## PROVIDED DATA
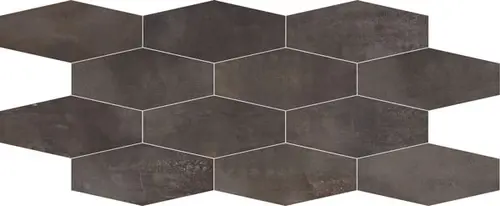 ABK Interno 9 Mosaico Losanga Dark 30x60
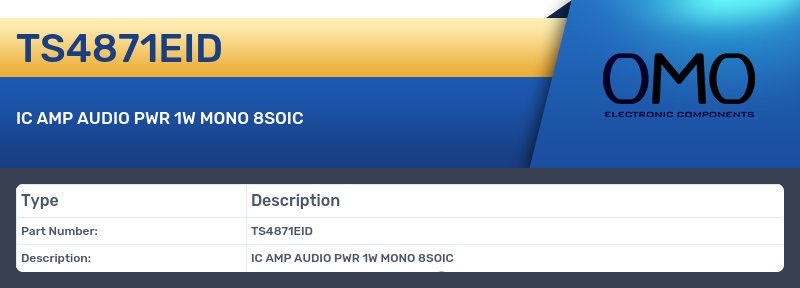 TS4871EID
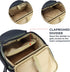 OSAGE RIVER Fishing Backpack Medium, Fits 4 Large Tackle Boxes, Waterproof Rain Cover, Includes Pliers and Flashlight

## PROBLEM DETAILS
In your copy, reproduce the data above exactly and skip every picture.

## OUTPUT FOR THIS TASK
 ABK Interno 9 Mosaico Losanga Dark 30x60
 TS4871EID
 OSAGE RIVER Fishing Backpack Medium, Fits 4 Large Tackle Boxes, Waterproof Rain Cover, Includes Pliers and Flashlight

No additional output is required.